Records from a data source
____________
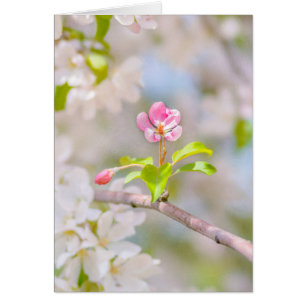 Apple blossom - Beauty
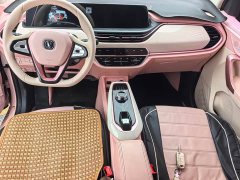Changan Benben E-Star Pure Heart Edition Multicolor LFP - ფოტო 16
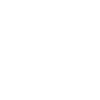 Crazy Horse Girl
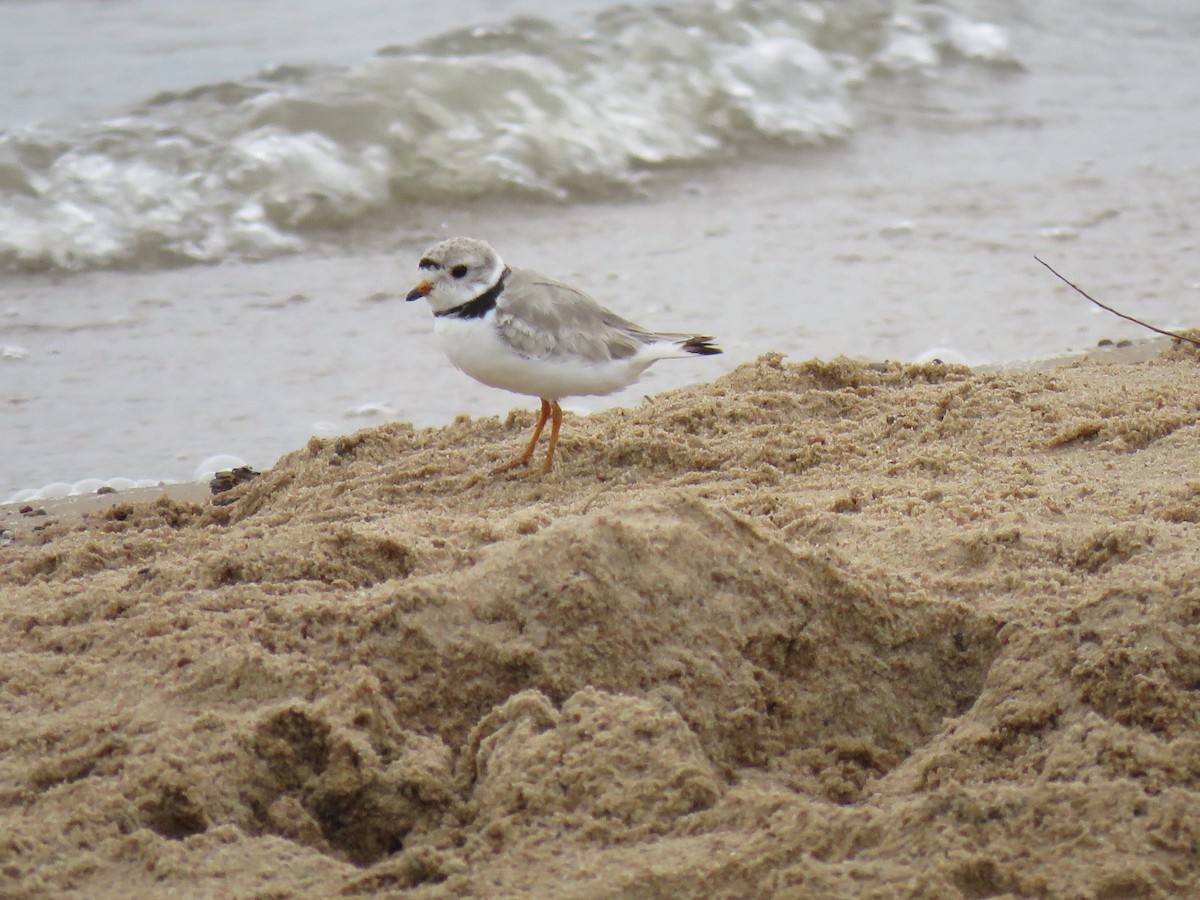 Piping Plover - ML595195841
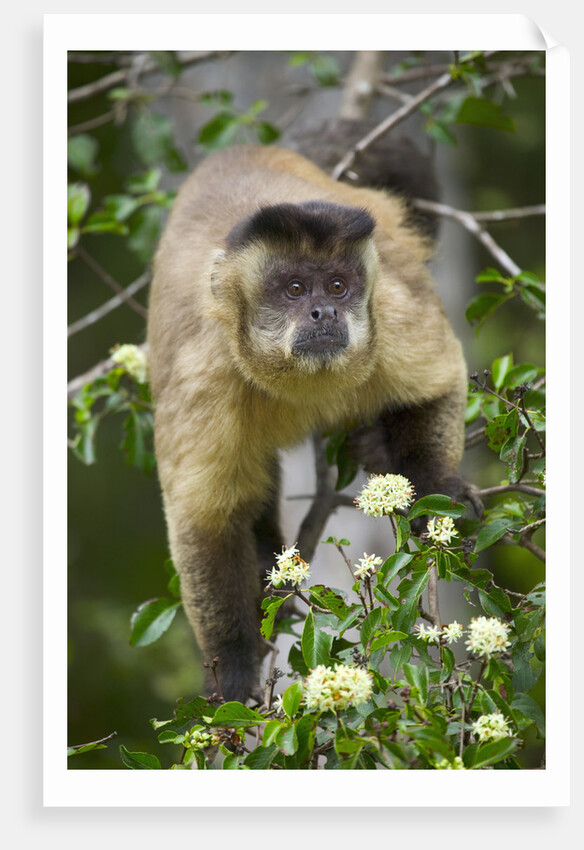 Black-tufted Capuchin by Anonymous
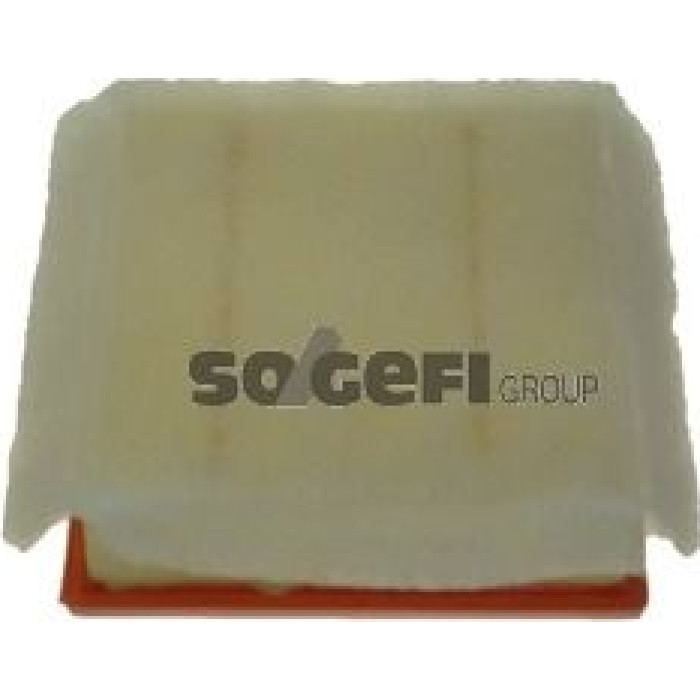 FRAM Luftfilter CA10212
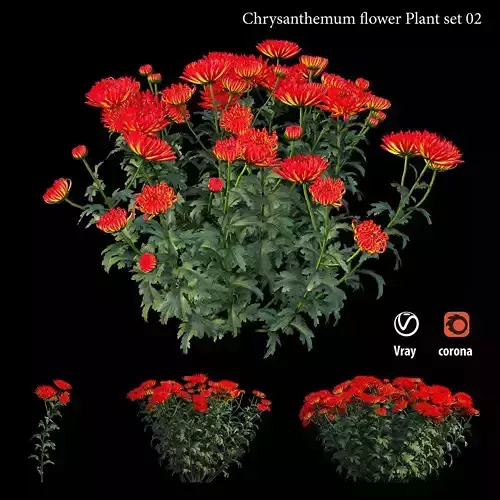 Chrysanthemum flower Plant set 02 3D model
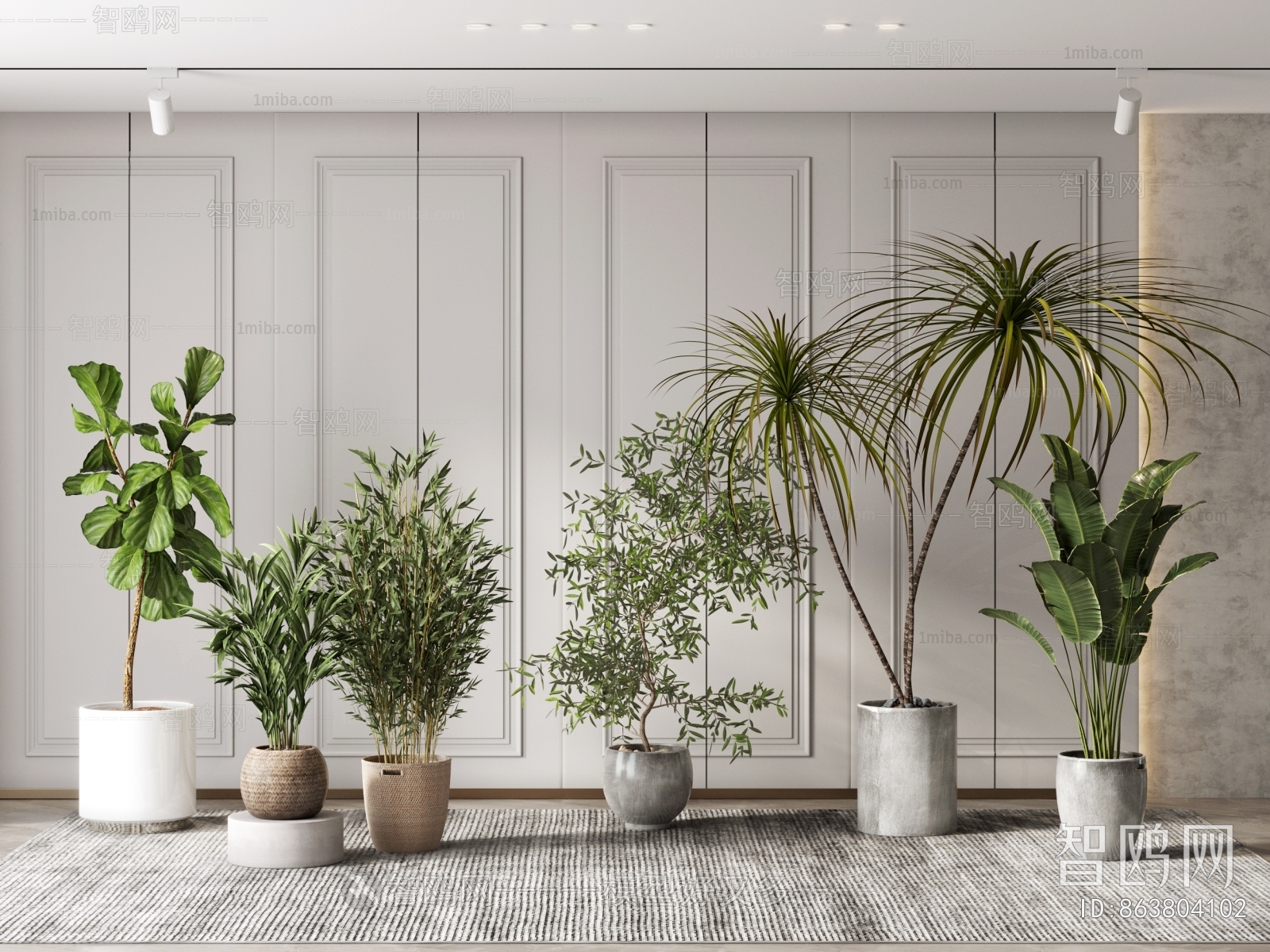 Modern Potted Green Plant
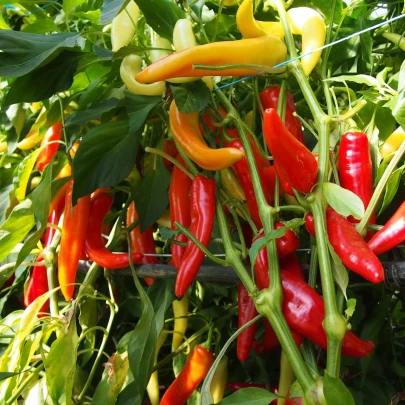 Paprika kozí/baraní roh Harriet - Capsicum annuum - semená - 45 ks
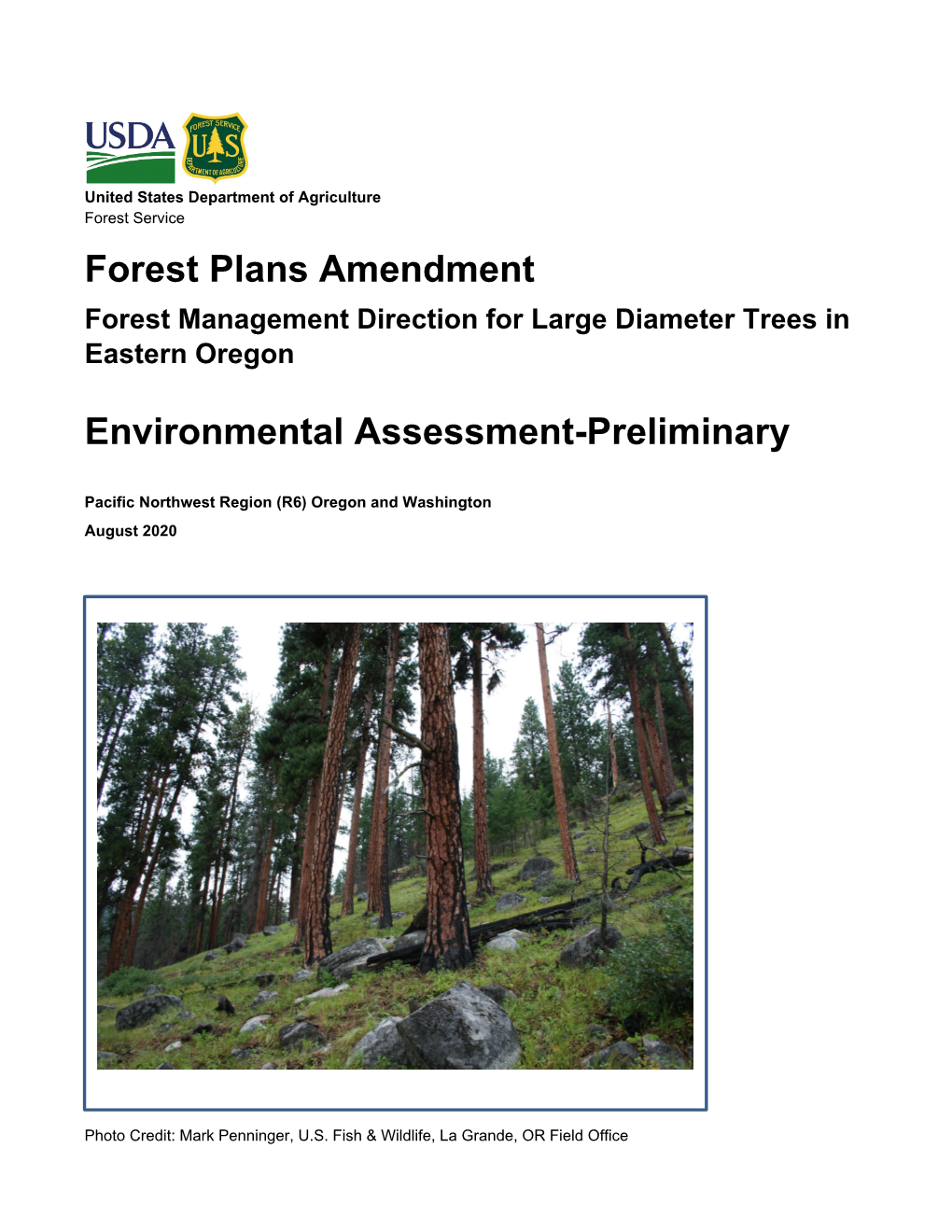 Environmental Assessment-Preliminary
____________
**TASK**
Copy out the entries verbatim, but skip every picture.

**SOLUTION TO THE EXERCISE**
 Apple blossom - Beauty
Changan Benben E-Star Pure Heart Edition Multicolor LFP - ფოტო 16
 Crazy Horse Girl
 Piping Plover - ML595195841
 Black-tufted Capuchin by Anonymous
 FRAM Luftfilter CA10212
 Chrysanthemum flower Plant set 02 3D model
 Modern Potted Green Plant
 Paprika kozí/baraní roh Harriet - Capsicum annuum - semená - 45 ks
 Environmental Assessment-Preliminary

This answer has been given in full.